En effet, on ne pourrait présenter cet ensemble d’œuvres sans en évoquer les titres : Idée fixe, Leçon de piano, Limites de la raison, L'Œuf comme un acte de création, Perspectives contradictoires... Ils intriguent et ne sont pas dénués d'humour, véritable trait de caractère de l’artiste, qui aime à jouer sur les mots dans la digne tradition de L'OuLiPo[1]. Et lorsque un titre ne lui vient pas de façon spontanée face à la toile, il pioche dans un carnet dans lequel il collectionne toutes sortes de mots ou de phrases, en quête de la bonne correspondance… Des titres readymade en quelque sorte, composés avec des « mots-trouvés ».

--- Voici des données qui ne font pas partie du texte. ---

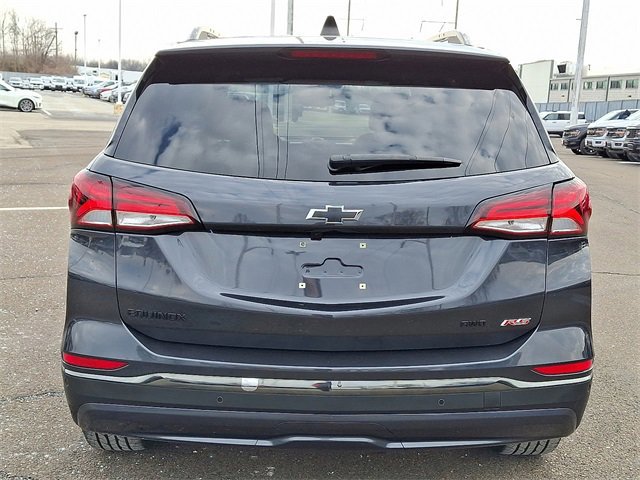 Used 2022 Chevrolet Equinox RS image 3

Comme souvent chez Villani, une piste peut en cacher une autre. De l’adaptation à un usage littéraire des leçons de Duchamp à la ligne organique née de la jonction des deux plans prôné par Lygia Clark, tout se passe comme si l’artiste rembobinait et déployait sans cesse son héritage artistique vers un souffle originel. Il est possible que le franco-brésilien Villani, qui se dit volontiers «d’ici-de là», ne veuille pas choisir entre le concret et l’abstraction. Il nous présente ainsi une douce confrontation de la géométrie et du sensible, dans laquelle les éléments picturaux ont leur propre réalité – et la perspective, ses propres règles.
Biographie
Né en 1956 au Brésil, Julio Villani vit et travaille à São Paulo et à Paris, où il s’établit dans les années 80, après des études en arts plastiques à la FAAP, São Paulo, Watford School of Arts, Londres et ESNBA, Paris.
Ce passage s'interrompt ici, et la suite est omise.